Conrad ci narra di un giovane capitano che, dopo alcuni mesi trascorsi su una nave mercantile, decide di abbandonare la vita di mare per tornarsene in città. Sbarcato a Singapore, ormai annoiato dalla placida vita di terra, riceve l’offerta che non può rifiutare: il comando di una nave, la grande occasione della vita. Cambia idea, ovviamente. E ricomincia il suo viaggio. Quello di ognuno di noi. Il viaggio che ci porta al limite, conducendoci di fronte alla nostra linea d’ombra. Al passaggio rituale verso la maturità. Perché La linea d’ombra è allo stesso tempo la descrizione di un’esperienza personale e l’esperienza universale della condizione umana.
Ulisse e l’eterno ritorno
Ma la bellezza della linea d’ombra è che non si tratta di una semplice barriera, di un limite invalicabile, bensì di una specie di frontiera. Uno spazio che separa il passato dal futuro, il caos dall’ordine, i dubbi dalla realtà. È un tentativo di superamento dei propri limiti. Non è una linea netta, ma una linea indefinibile – d’ombra, per l’appunto – un graduale passaggio dal bianco al nero, dove non esiste un punto di demarcazione, ma il momento del superamento lo decidiamo noi stessi.
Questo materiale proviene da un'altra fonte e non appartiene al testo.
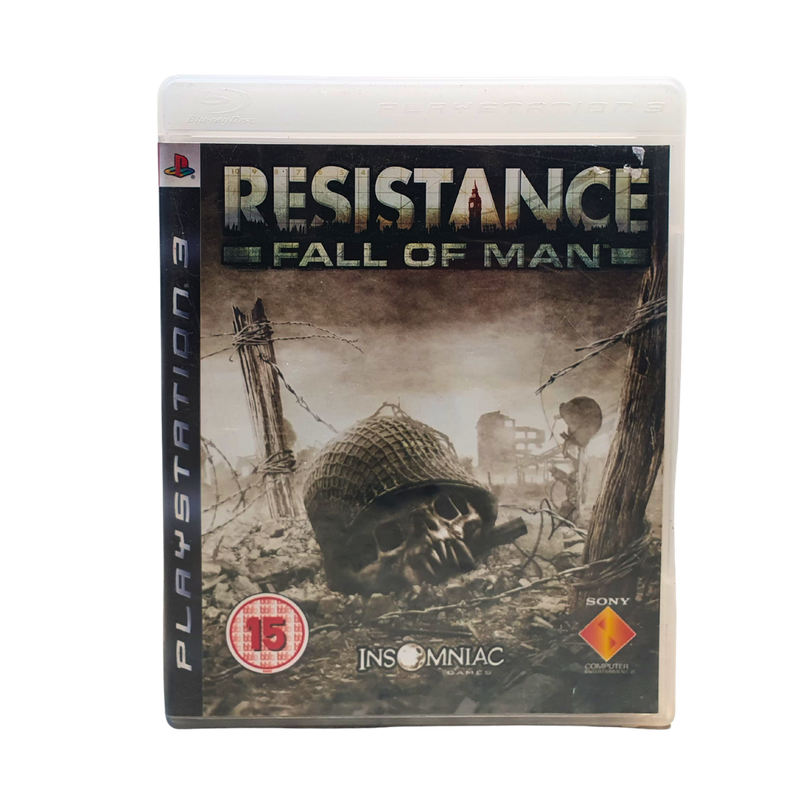 Resistance Fall of Man - PS3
Un ulteriore aspetto d’interesse del viaggio è la sua circolarità. Come la navigazione comincia e finisce nello stesso punto, così è l’eterno ritorno di Ulisse, di Rilke, di Kavafis. È l’eterno viaggiare. È il senso ultimo dell’esperienza umana. Itaca, il ritorno a casa, ma senza essere più quelli di prima. Solo allora siamo pronti alla vita e – allo stesso tempo – alla morte. Perché finalmente abbiamo compreso il motivo delle nostre azioni. E come la bonaccia di Ulisse nel canto delle sirene, così anche per il capitano di Conrad la mancanza di vento è più insidiosa della tempesta. Si rimane fermi, soli con i propri problemi e le proprie responsabilità. Ed è il momento perfetto della riflessione.
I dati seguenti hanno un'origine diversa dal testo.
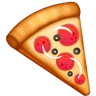 Slice of Pizza Emoji 🍕 image - Samsung style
La prima e la seconda giovinezza
Perché non diventiamo subito chi siamo e ci imbattiamo in sentieri che ci fanno deviare dalla via maestra e ci lasciano nello sconforto, abbandonati sul ciglio della confusione? Perché abbiamo attimi di sconforto e crediamo di non farcela a superare gli ostacoli che la vita ci mette di fronte? “Solo i giovani hanno di questi momenti. Non parlo dei giovanissimi. No. I giovanissimi, per essere esatti, non hanno momenti. È privilegio della prima gioventù vivere in anticipo sui propri giorni, in tutta una bella continuità di speranze che non conosce pause né introspezione” dice Conrad. “Ogni svolta del sentiero ha le sue seduzioni. E non perché sia una terra inesplorata. Sappiamo fin troppo bene che tutti gli uomini sono passati di qui”. Ma poi arriva il momento in cui tutti gli uomini siamo noi. Davanti agli occhi abbiamo una linea d’ombra. A quel punto, la nostra fanciullezza è conclusa e ci apprestiamo ad un mutamento interiore.
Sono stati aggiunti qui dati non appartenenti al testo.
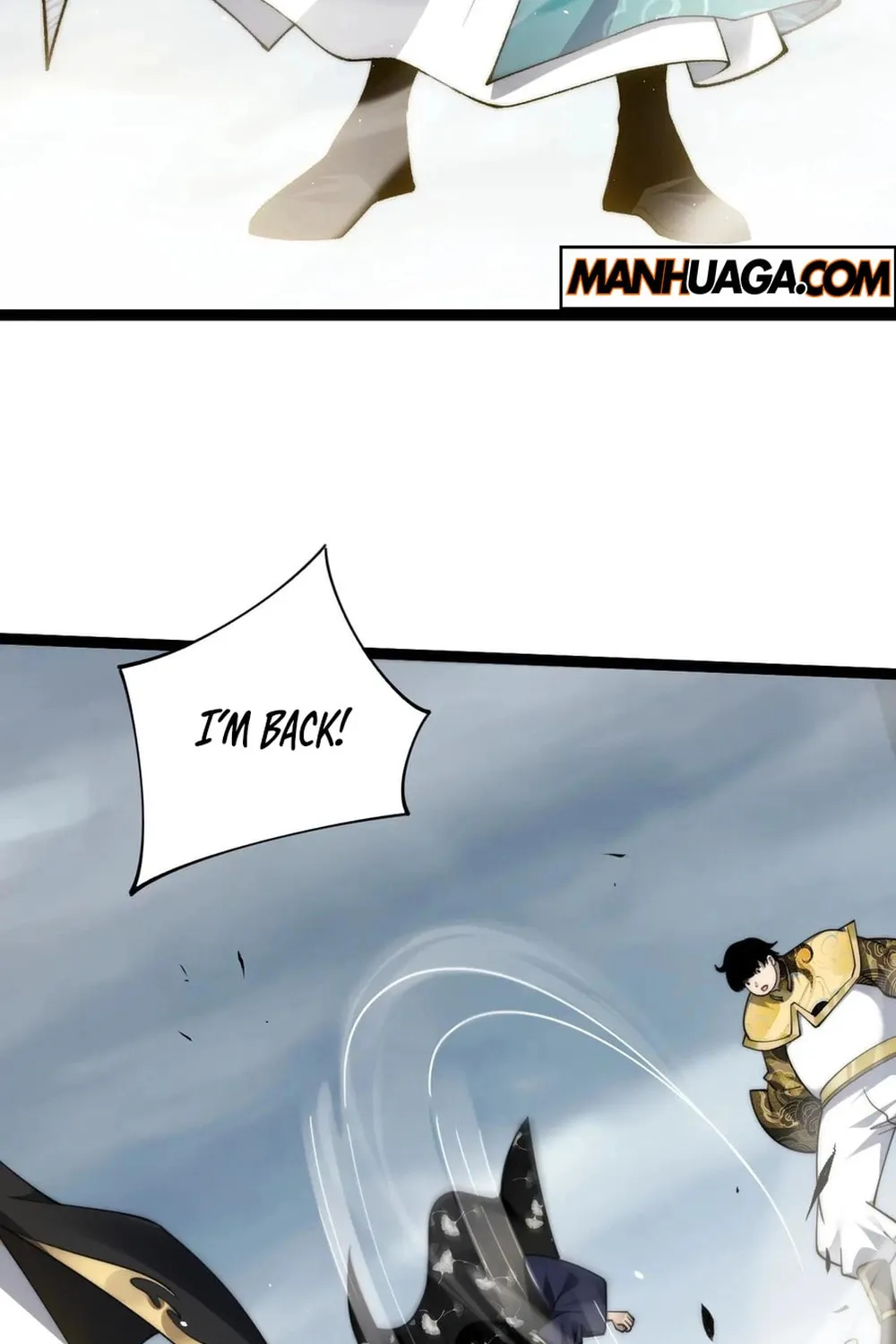 Read Maxed Strength Necromancer chapter 89 image 41 on Lezhin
Ho aperto il cassetto perché…
Mi ricordavo della bellissima atmosfera coloniale, pregna di tabacco, spezie, sudore. Delle precise descrizioni di viaggio, del mare, delle malattie tropicali. Talmente evocative che pareva di essere lì, con un cappello di paglia per riparasi dal sole, il profumo dell’olio di cocco e lo sciabordio delle onde. Ma soprattutto mi ricordavo delle splendide pagine nelle quali Conrad faceva cambiare rotta alla navigazione del romanzo, e da libro d’avventura trasformava Linea d’ombra in un concentrato ricco, elegante e tormentato di riflessioni sull’esistenza e sul significato del diventare adulti e dell’accettare le condizioni universali della vita.
“Un uomo deve saper affrontare la sua cattiva sorte, i suoi errori, la sua coscienza e tutto quel genere di cose. Cos’altro si dovrebbe combattere altrimenti?”
Se l’avete dimenticato nel cassetto, prendetelo in mano e apritelo alla prima pagina.